India’s Mars mission to begin

India’s Mars mission to begin November 2013

India’s tryst with Mars will begin in November 2013 to explore the red planet’s atmosphere and search for life-sustaining elements, a top space official said late Monday.

“We are scheduling to launch the Mars mission Nov 27, 2013 when the red planet will be closer to the earth for injecting our spacecraft into its elliptical orbit,” Indian Space Research Organisation (ISRO) chairman K Radhakrishnan told reporters.
The Rs 470-crore Mars mission will demonstrate India’s capability to send a spacecraft 55 million km away from earth and look for life-sustaining elements 500 km away from the Martian surface.

  http://www.firstpost.com/wp-content/uploads/2012/09/Mars_Reuters_10Aug1.jpg
A picture of Mars taken by the Curiosity rover

The Indian space agency plans to use a high-end rocket (PSLV-XL) to launch the 1.4-tonne Martian spacecraft from its Sriharikota spaceport, about 80 km northeast of Chennai, with nine instruments to study various aspects of the red planet.

“The Mars mission will make India join the elite club of five top nations comprising the US, Russia, Europe, China and Japan, with indigenous technology for a 300-day space voyage from the launch date,” Radhakrishnan said.

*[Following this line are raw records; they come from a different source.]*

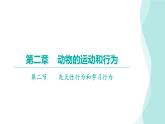 5.2.2先天性行为和学习行为习题课件2024年初中秋季人教版生物八年级上册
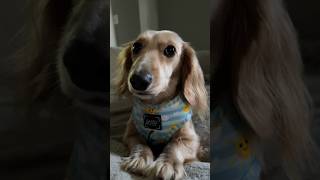 Miniature long haired Dachshund ready to go for a walk dachshund dog [upl. by Cathi]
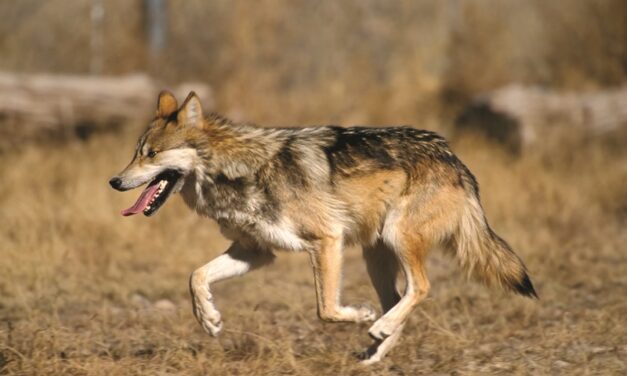 Mexican wolf numbers allowed to rise; legislators call for lethal removal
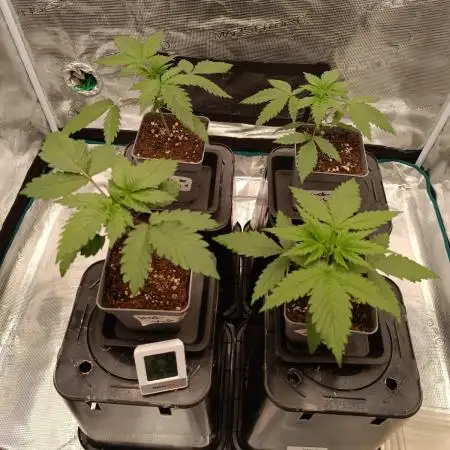 Hindu Kush 2026 - Sensi Seeds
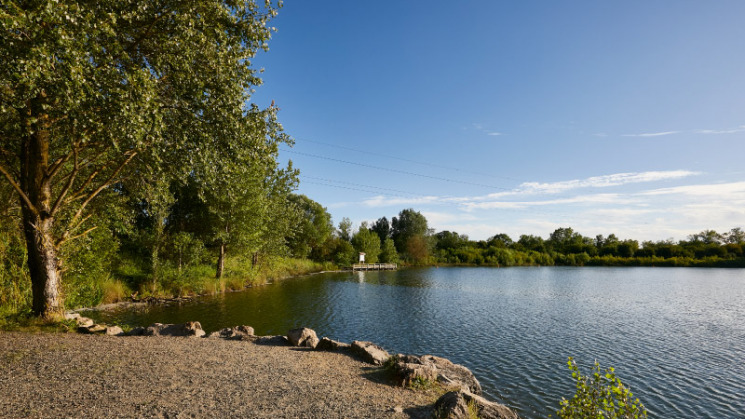 Lac de Frouzins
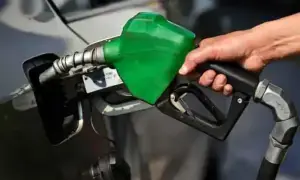 Govt rejects petroleum dealers&rsquo; monthly pricing demand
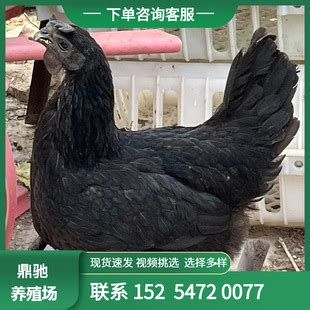 五黑鸡图片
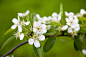 自然,花,樱桃树,樱花,花朵_562760343_White cherry blossoms_创意图片_Getty Images China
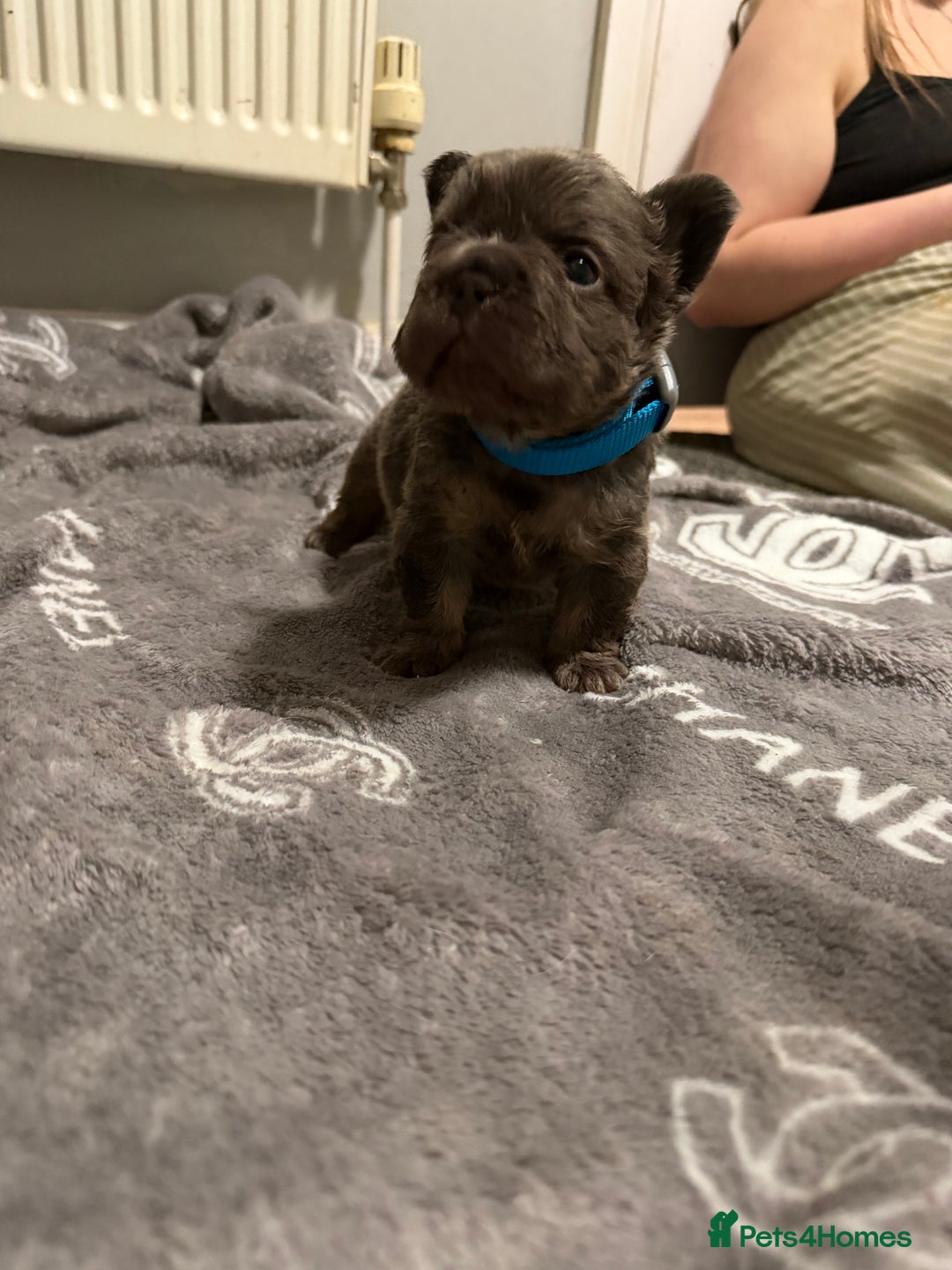 French Bulldog dogs for sale: French bulldog - Advert 30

“If we don’t go Mars late next year, we may have to wait for another 27 months (two years & three months) to embark on such an ambitious mission when the earth and the red planet will be closer again,” the top scientist pointed out.

As the fourth planet from the sun and smallest celestial object in the solar system, Mars is terrestrial with breath-taking valleys, deserts, craters and volcanoes in a thin atmosphere. Named after the Roman god of war, the red planet has many similarities with earth like the rotation period and seasonal cycles.

As in the case of Chandrayaan-1, we will have to take the spacecraft first into the earth’s orbit from 22,000 km to 200,000 km in stages using the propulsion system and fire the rocket’s liquid apogee motor to push it into the Martian orbit after cruising about 300 days,” Radhakrishnan observed.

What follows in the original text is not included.